MDMD(7) JJ Lalande

Doug Millison millison at online-journalist.com
Thu Sep 4 16:52:40 CDT 1997


.213.10 `J J Lalande'  Any biographical details on this
>astronomer?


I have to wonder what Pynchon might make of these two details of Lalande's
life:  "He hid royalist friends in the Paris Observatory during the French
Revolution and made a balloon ascent at age 67."

Also of marginal interest, in light of the references to aliens in M&D, the
star (a red dwarf) named for Lalande is orbited by two or three
Jupiter-class planets.

from http://www.skypub.com/whatsup/lalande.html:

Joseph-Jérôme de Lalande (1732-1807) became director of Paris Observatory
in 1795 and
produced a catalog of nearly 50,000 star positions. Today his catalog is
remembered mainly for the name it bequeathed to a lone 7th-magnitude star
in Ursa Major.

Lalande 21185 can be seen on spring evenings glowing like a dim ember at
magnitude 7.5 in the hind feet of Ursa Major. It is only 8.3 light-years
away, a little closer than Sirius but 4,000 times fainter. With an absolute
visual magnitude of 10.5 it emits only 1/180 the light of the Sun.

Although dim and obscure, Lalande 21185 has a history stretching back two
centuries. It takes its name from French astronomer Joseph-Jérôme
Lefrançais de Lalande, who included it in a star catalog that has since
fallen into obscurity. A friend of Charles Messier and the author of
several astronomy textbooks, Lalande was well known in his time not only
for his writings but also for his love of publicity. Indeed, his activities
extended well beyond astronomy. On one occasion, in order to convince the
public not to fear spiders, he swallowed several of the eight-legged
creatures. He hid royalist friends in the Paris Observatory during the
French Revolution and made a balloon ascent at age 67.

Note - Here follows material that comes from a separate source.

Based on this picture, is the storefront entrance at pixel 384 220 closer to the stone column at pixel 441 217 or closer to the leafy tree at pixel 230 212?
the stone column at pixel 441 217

To astronomers today Lalande is most infamous for a discovery he failed to
make. In 1795, while
working on his star catalog, either he or an assistant twice recorded
Neptune -- but mistook it for a star, even though the planet's position on
the second night differed from that on the first. This oversight was all
the more remarkable in light of William Herschel's acclaimed discovery of
the new planet Uranus 14 years earlier. Neptune would go unfound for
another 51 years.

Lalande's star catalog, Histoire Céleste Française, was published in 1801.
It contained nearly 50,000 stars. There seemed nothing special about number
21185. It was just another faint star in a catalog full of them, and for
decades it attracted no attention.

--Ken Croswell is author of The Alchemy of the Heavens: Searching for
Meaning in the Milky Way, a new popular-level book on our galaxy.

from another web site, http://trfn.clpgh.org/orgs/aaap/lalande.html:

Lalande 21185 has been discovered to have planets buzzing around it by
George D. Gatewood Ph.D,
director of the University of Pittsburgh's Allegheny Observatory. This
discovery was announced at 188th meeting of the American Astronomical
Society in Madison Wisconsin. Using 60 years of
photographic data and 9 years of data from the Multichannel Astrometric
Photometer(MAP) at least 2 Jupiter sized, and possibly a third planet is
orbiting the red dwarf star Lalande 21185. The most interesting thing about
this story is that most of the data is collected by amateur astronomers!
The current observing staff at the Allegheny Observatory is made up
exclusively of amateurs and many of them are AAAP members.

D O U G  M I L L I S O N ||||||||||||| millison at online-journalist.com
  Today (4 Sep 97) in history:  1682. English astronomer
  Edmund Halley saw the comet that would be named after him.